# Exercise requirements
Word for word, write out the entries that follow, omitting all pictures.

# Task data
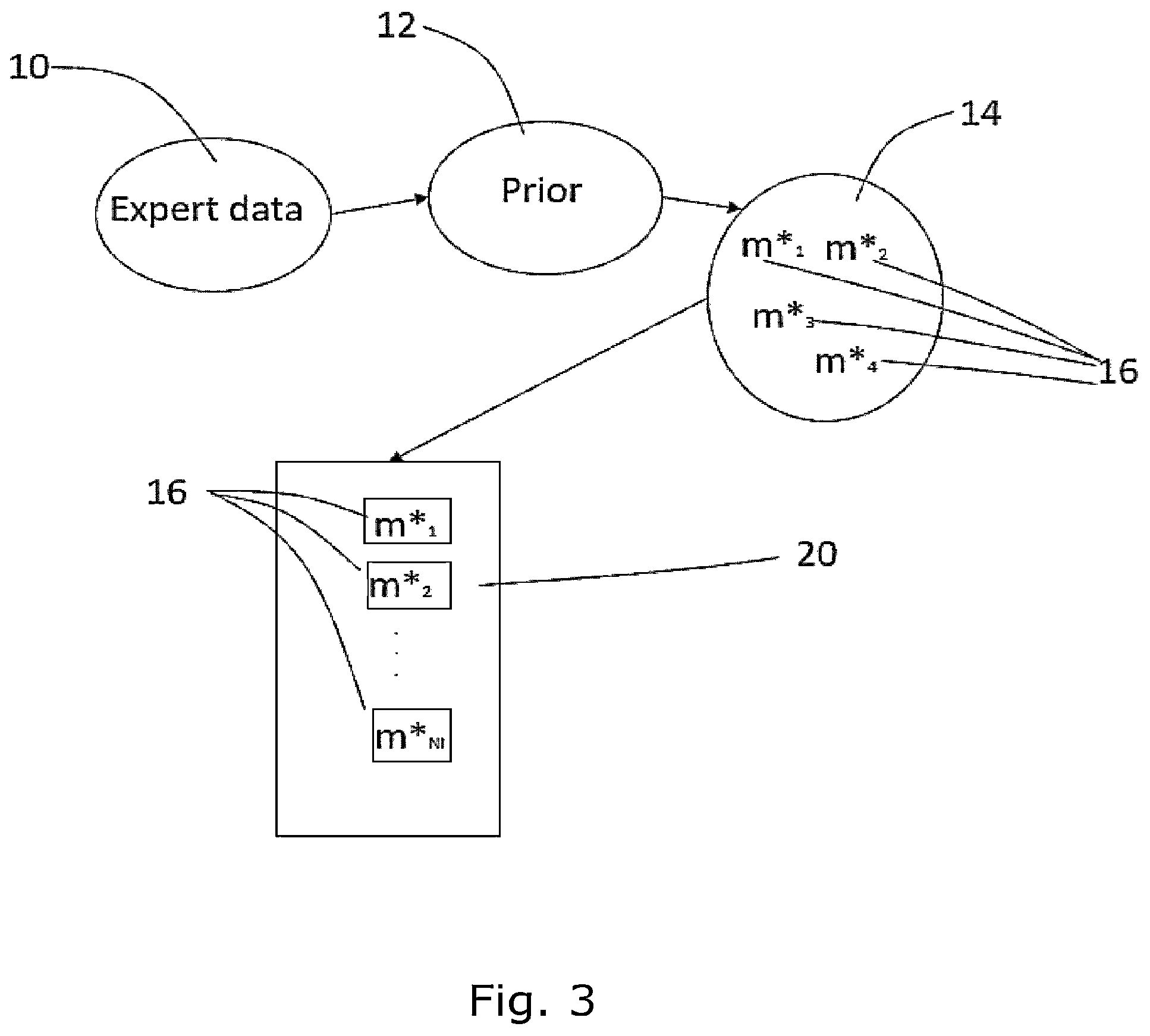 Patent US12307559 Figure 3 – Device and method for pet image analysis and reconstruction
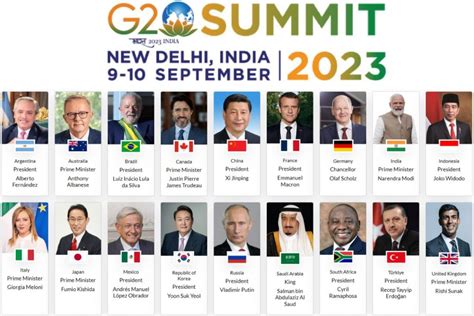 The 2023 G20 New Delhi Summit: Shaping a Resilient Global Economy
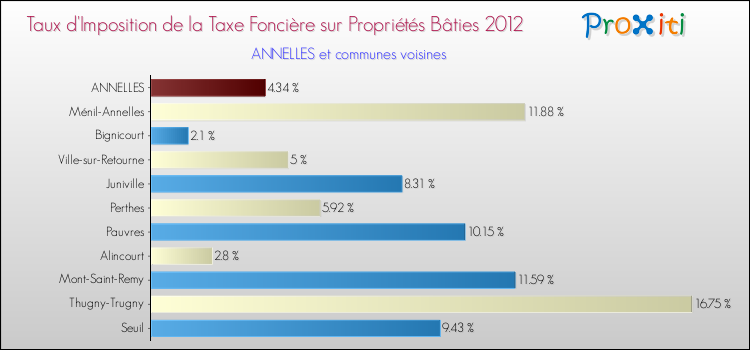 Taux d'imposition de la taxe foncière sur le bati 2012 pour ANNELLES et les communes proches Comparaison des taux d'imposition de la taxe foncière sur le bati 2012 pour ANNELLES et les communes voisines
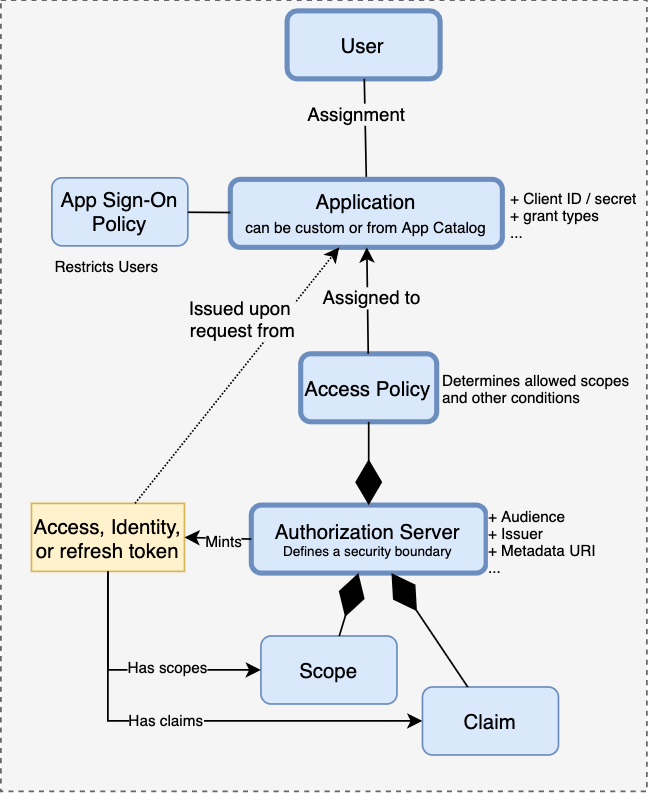 Okta concepts involved in access/identity token request interactions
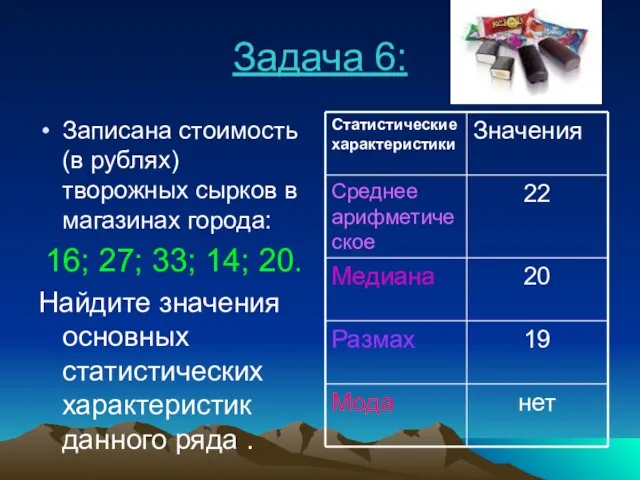 Задача 6: Записана стоимость (в рублях) творожных сырков в магазинах города: 16;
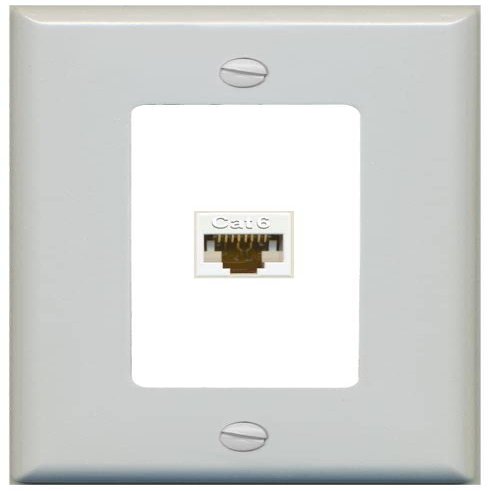 RiteAV Decorative 1 Port Cat6 Ethernet Wall Plate Female-Female - 1 Gang [Gray/White]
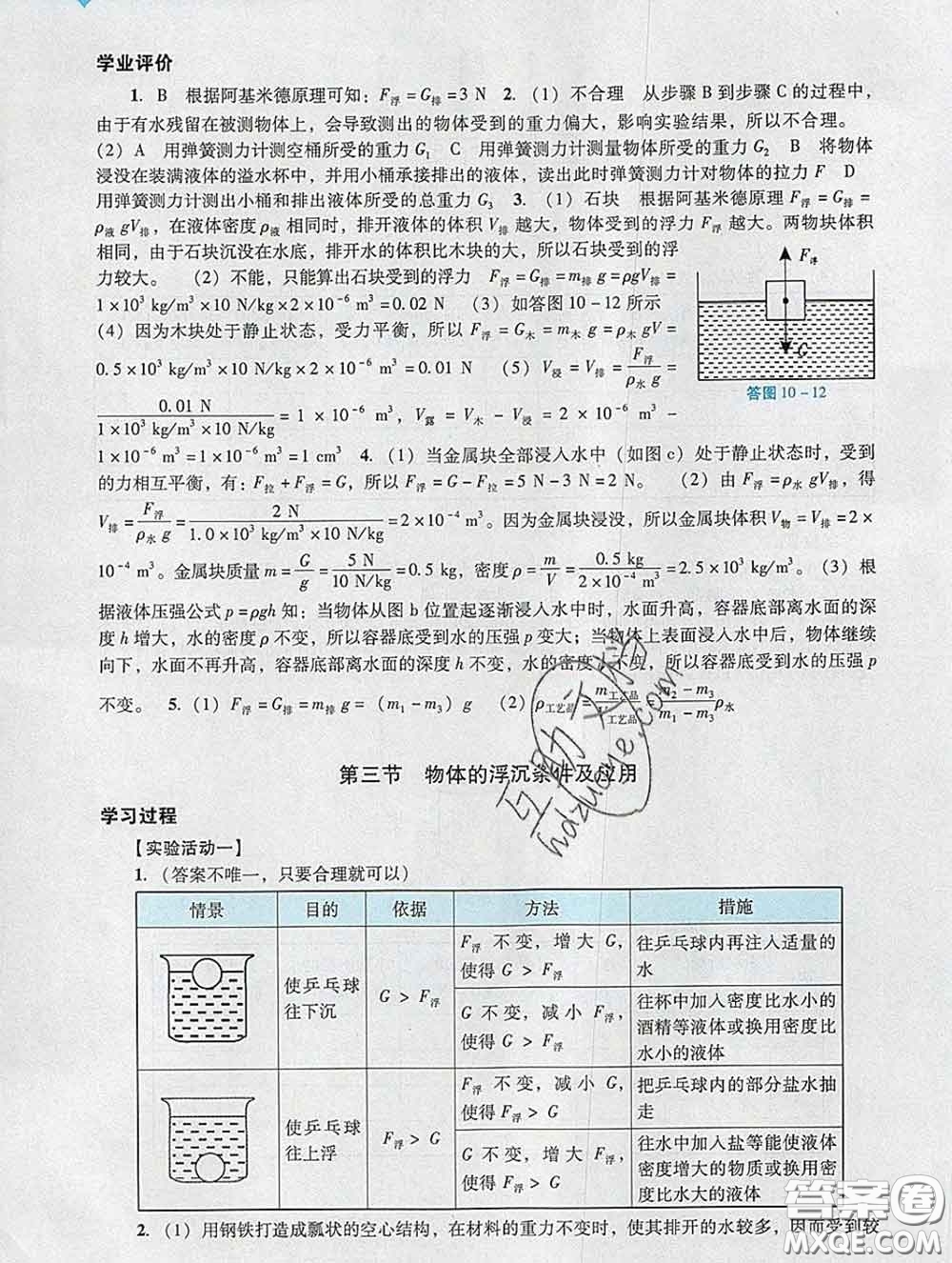 2020新版陽光學(xué)業(yè)評(píng)價(jià)八年級(jí)物理下冊(cè)人教版參考答案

# Response to the exercise
 Patent US12307559 Figure 3 – Device and method for pet image analysis and reconstruction
 The 2023 G20 New Delhi Summit: Shaping a Resilient Global Economy
 Taux d'imposition de la taxe foncière sur le bati 2012 pour ANNELLES et les communes proches Comparaison des taux d'imposition de la taxe foncière sur le bati 2012 pour ANNELLES et les communes voisines
 Okta concepts involved in access/identity token request interactions
 Задача 6: Записана стоимость (в рублях) творожных сырков в магазинах города: 16;
 RiteAV Decorative 1 Port Cat6 Ethernet Wall Plate Female-Female - 1 Gang [Gray/White]
 2020新版陽光學(xué)業(yè)評(píng)價(jià)八年級(jí)物理下冊(cè)人教版參考答案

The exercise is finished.